The real risk isn’t the alert. It’s what happens after it fires
The real risk in security operations exists in the gap between signal, action, and outcome—and the friction that accumulates there. With attackers using AI to increase their own velocity, that gap is getting more expensive to close. Most vendors are racing to bolt AI into their SOC workflows, but aren’t considering the implications. Instead, they should consider the ROI of introducing AI, automation, and machine learning to each part of their customers’ security programs and applying it responsibly to accelerate defense where it makes the most sense in their environments.

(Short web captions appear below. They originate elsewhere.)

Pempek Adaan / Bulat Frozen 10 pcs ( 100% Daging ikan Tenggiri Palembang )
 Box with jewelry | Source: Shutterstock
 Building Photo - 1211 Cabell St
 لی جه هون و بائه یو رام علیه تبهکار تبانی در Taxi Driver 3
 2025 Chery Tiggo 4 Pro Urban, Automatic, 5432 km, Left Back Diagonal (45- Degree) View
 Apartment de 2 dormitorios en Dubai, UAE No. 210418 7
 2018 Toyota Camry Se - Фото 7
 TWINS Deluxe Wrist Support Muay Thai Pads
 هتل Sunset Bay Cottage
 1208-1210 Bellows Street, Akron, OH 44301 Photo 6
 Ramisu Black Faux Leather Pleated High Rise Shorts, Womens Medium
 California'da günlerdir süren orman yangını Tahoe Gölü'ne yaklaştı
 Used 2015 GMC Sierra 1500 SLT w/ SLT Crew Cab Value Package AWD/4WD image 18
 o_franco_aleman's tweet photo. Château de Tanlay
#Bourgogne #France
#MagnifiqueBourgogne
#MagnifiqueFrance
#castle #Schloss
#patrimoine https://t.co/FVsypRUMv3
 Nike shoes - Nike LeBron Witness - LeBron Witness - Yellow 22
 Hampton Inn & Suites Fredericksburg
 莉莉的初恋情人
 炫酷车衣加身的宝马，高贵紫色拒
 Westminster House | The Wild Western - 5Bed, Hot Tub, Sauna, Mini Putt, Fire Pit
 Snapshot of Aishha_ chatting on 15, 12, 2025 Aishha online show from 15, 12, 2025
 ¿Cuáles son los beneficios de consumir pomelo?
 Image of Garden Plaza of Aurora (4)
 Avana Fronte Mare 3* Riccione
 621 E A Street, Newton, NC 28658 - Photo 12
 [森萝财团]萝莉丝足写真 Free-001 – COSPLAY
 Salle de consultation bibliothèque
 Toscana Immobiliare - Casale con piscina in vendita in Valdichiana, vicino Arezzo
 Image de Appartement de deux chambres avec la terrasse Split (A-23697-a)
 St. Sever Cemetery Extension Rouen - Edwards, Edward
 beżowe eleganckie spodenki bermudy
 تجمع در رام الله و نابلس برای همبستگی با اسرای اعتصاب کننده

“Previously, manual actions like log review and alert triage were essentially dead. AI can and should handle that noise now so analysts can focus on the incidents that matter and deploy accurate defense at AI speed,” said Justin Bajko, Chief Strategy Officer at Expel. “Ruxie not only handles those actions, but arms human analysts with AI capabilities that cut through the noise and speed decisive response actions. Our AI investments speed up decisive responses, shifting timelines from minutes to seconds so customers stay ahead of attackers.”
The Trust vs. Impact framework for AI-intentional security
Expel’s “Trust vs. Impact: A practitioner’s framework for implementing AI and automation in the threat lifecycle” codifies the framework that helped shape Ruxie and the model behind Expel’s industry-leading MDR service. The framework maps security workflows on two axes: impact (what’s at stake if AI gets it wrong) and trust (how much confidence you have in the system to handle it correctly). The framework identifies where AI should operate autonomously, where it should support humans, and where humans must lead. It’s built from ten years of running Ruxie in production across trillions of alerts in customer environments, where Expel has continuously improved its AI models on real SOC outcomes.
An interactive Trust vs. Impact matrix lets practitioners plot their own SOC workflows on the framework in real time. Both the whitepaper and tool are available now.
Expel’s recent AI innovation guided by the framework
In the past year, Expel released multiple new AI “power up” capabilities into the Ruxie engine that target every stage of the threat lifecycle, from detecting coverage shortfalls to explaining threat resolutions in plain language—all designed to get to the right security outcomes in seconds rather than minutes. Some of these include:
- Agentic detection rule generation identifies coverage gaps and creates detections automatically for human review, shortening the time it takes to build new detections and finding threats earlier.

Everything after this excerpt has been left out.